◆ HOW TO COMPLETE THIS TASK ◆
Whenever a line in this data holds the word "Road", report that line in full.

#### SUPPLIED MATERIAL

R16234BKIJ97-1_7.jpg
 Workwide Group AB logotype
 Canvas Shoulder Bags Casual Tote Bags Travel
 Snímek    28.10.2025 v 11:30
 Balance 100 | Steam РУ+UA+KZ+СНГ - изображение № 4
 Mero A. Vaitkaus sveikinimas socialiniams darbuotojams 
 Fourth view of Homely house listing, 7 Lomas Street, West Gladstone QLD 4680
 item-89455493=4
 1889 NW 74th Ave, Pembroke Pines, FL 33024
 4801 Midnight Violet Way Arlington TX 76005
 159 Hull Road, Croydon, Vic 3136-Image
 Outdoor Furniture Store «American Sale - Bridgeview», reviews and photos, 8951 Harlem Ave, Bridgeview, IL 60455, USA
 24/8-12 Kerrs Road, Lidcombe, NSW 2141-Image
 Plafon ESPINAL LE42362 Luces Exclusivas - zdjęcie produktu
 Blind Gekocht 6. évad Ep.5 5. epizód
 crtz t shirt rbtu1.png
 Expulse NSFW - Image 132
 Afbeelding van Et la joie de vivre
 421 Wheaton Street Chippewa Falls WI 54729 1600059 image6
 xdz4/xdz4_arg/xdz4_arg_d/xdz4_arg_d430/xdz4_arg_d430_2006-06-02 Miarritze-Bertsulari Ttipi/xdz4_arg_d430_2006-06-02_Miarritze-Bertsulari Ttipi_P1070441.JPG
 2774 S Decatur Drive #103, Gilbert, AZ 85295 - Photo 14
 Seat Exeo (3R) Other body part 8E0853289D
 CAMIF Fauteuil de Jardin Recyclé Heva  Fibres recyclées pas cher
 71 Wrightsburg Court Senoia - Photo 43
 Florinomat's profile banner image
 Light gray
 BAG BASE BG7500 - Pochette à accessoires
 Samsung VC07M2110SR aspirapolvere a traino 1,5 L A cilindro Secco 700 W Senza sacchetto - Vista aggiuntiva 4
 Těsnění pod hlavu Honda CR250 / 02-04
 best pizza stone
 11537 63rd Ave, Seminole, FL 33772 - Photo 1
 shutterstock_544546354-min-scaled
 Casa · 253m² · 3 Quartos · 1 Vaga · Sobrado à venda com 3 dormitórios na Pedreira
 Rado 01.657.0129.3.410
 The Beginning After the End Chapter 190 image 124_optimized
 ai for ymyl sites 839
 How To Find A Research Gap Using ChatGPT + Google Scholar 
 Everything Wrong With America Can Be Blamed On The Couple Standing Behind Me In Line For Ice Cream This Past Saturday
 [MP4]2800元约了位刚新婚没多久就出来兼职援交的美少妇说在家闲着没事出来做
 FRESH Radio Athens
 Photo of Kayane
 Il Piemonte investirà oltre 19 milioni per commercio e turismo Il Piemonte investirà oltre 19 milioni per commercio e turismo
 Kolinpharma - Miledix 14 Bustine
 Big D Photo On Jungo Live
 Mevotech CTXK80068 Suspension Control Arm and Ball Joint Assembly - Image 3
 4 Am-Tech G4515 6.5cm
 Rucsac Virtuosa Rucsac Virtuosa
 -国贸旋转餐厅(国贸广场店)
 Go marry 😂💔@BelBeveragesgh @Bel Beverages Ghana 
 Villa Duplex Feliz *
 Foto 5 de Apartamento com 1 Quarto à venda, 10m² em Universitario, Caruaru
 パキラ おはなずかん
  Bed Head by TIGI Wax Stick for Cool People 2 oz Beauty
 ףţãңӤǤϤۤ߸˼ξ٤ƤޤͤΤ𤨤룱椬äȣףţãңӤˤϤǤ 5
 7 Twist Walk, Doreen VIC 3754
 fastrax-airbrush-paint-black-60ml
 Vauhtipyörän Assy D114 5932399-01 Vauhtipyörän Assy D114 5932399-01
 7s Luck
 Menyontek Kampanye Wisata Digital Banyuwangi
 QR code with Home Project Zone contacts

########

◆ RESULT ◆
 159 Hull Road, Croydon, Vic 3136-Image
 24/8-12 Kerrs Road, Lidcombe, NSW 2141-Image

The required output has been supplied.